Experiment about searching for text in the DOM, transcending element boundaries
What is this
This is an experiment about how to locate text patterns in a DOM, when the match might span multiple nodes, and we don't know where to look exactly.
The code traverses the (configured part of) the dom, and collects info about which string slice is where. Then it searches for the pattern in the innerText of he (configured part of the) DOM using google-diff-match-patch (see app/lib/fancymatcher/README.txt for more info about this part.)
When a match is found, it maps in back to DOM elements, using the collected information, and it returns info about where to text. (XPath expressions and string indices.)
Optionally, it can also highlight the match in the DOM.
All the DOM analyzing logic is in one CoffeeScript file ( app/lib/domsearcher/domsearcher.coffee )
How to run
- run scripts/web-server.js
- Go to http://localhost:8000/
- Click the buttons, and see what happens.
Or see the live demo.
Unfortunately, there is a limitation about the max length of pattern. The exact value varies by browser and platform, but it's typically 32 or 64. Which means you can't search for patterns longer that that. (The getMaxPatternLength method returns the current limit.)
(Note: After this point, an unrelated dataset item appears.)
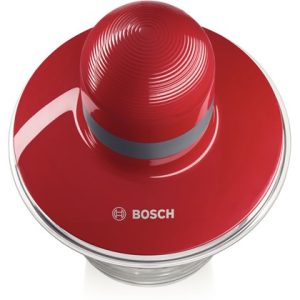 Bosch Seckalica BOSCH MMR08R2/Serija 2/400W/crvena - Slika 1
Currently, this is worked around by searching for the first and the last 32-bit slice of the pattern, and if both is found, and the distance is about right, then it's accepted as match. What goes between the start and the end slice is not analyzed. This might lead to false matches.
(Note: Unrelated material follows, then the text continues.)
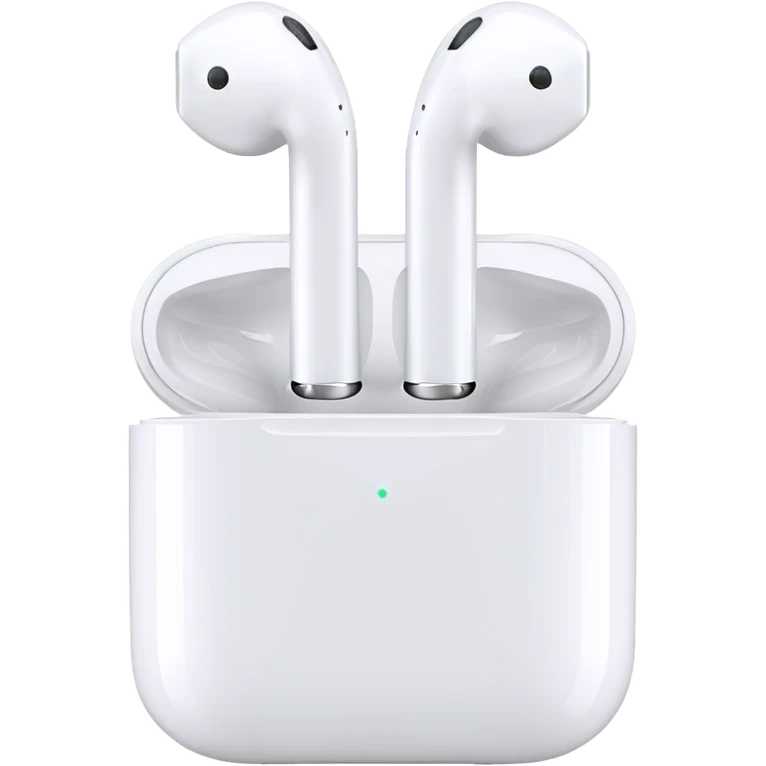 Air Pods emoji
When the "display" property of a node is set to "none", it's not displayd, so it's content does not get into it's parent's innerText.
However, there is no easy way to detect this when one is only looking at the DOM. (Like we do.)
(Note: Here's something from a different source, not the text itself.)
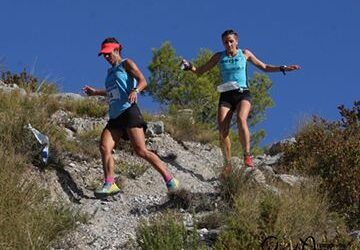IX Almijara Trail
So, currently we are trying to detect whether a node (and it's children) is hidden by searching for it's innerText in the innerText of the parent. (If there is no match, it means that this is probably hidden.)
However, this approach can yield "false negatives", if a node is indeed hidden, but the content is the same like that of an other, non-hidden node.
This would not break the results, but would add false parts to the selection.